9.8 Practical Issues
Practical issues we might run into with ODP bootstrap
9.8.1 Negative Incremental Values
GLM doesn’t work with negative incremental values because of \(\ln[q(w,d)]\)
Need to work around this in:
Model fitting (e.g. Step 0 and 1 of the Bootstrap process)
Simulating for process variance with negative means (e.g. Step 4 of the Bootstrap process)
Also additional work around on extreme outcomes from negative values
9.8.1.1 Model Fitting
Method 1: Use \(-ln(abs\{q(w,d)\})\)
\[\begin{equation} Cell_{w,d} = \begin{cases} \ln[q(w,d)] & \text{if } q(w,d) > 0 \\ 0 & \text{if } q(w,d) = 0 \\ -\ln[abs \{ q(w,d) \}] & \text{if } q(w,d) < 0 \\ \end{cases} \tag{9.16} \end{equation}\]Remark. Doesn’t work when the column sum to a negative value
- This is done when setting the design matrix (9.5)
Method 2: Subtract a negative constant \(\Psi\)
\[\begin{equation} q^+(w,d) = q(w,d) - \Psi \\ \ln[q^+(w,d)] \text{ for all } Cell_{w,d} \tag{9.17} \end{equation}\]Pick \(\Psi =\) largest negative value in the column
Apply (9.17) before solving the GLM system of equations (e.g. (9.2) and (9.4))

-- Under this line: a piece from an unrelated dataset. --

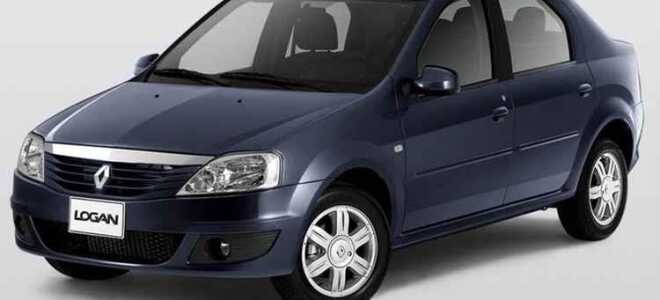 Сцепление на рено логан 1.6 8 клапанов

Then adjust the fitted values by adding back \(\Phi\) to reduce each fitted incremental value
Can use this method combined with method 1 to take care of the extra large negative ones
Need to make use the absolute value for the residual and re-sampling formula, modify (9.8) and (9.14) with below:
Method 3: Use simplified GLM
Use ODP bootstrap (i.e. Chainladder with volume weighted average LDFs)

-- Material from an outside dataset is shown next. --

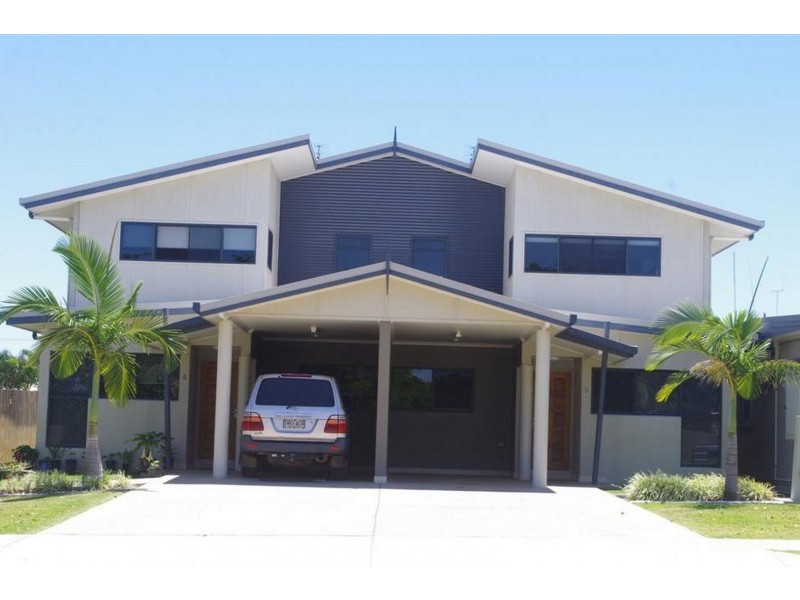 Unit 3/52 Poole Street, Bowen QLD 4805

This will yield different estimate than using the GLM framework with adjustment 1 or 2
9.8.1.2 Simulating Negative Values
From above, we might have the fitted \(m_{wd}\) that are negative, which will be an issue when used in Step 4 of the bootstrap simulation, when we need to model the process variance with \(Gamma(m_{wd},\phi m_{wd})\)
- Since \(Gamma\) only takes positive parameters
Adjustment to the Gamma Distribution with negative \(m_{wd}\)
\[\begin{equation} Gamma(abs\{m_{wd}\}, \phi abs\{m_{wd}\}) + 2m_{wd} \tag{9.21} \end{equation}\]This will maintain the right skew of Gamma while having the mean of \(m_{wd}\)
Alternatively if we use \(-Gamma(abs\{m_{wd}\}, \phi abs\{m_{wd}\})\) it’ll flip the curve to skew left
9.8.1.3 Extreme Outcomes from Negative Values
Column with negative mean in the early ages can results in vary large LDFs (and lead to simulated outcomes that are 1,000 times greater than our mean)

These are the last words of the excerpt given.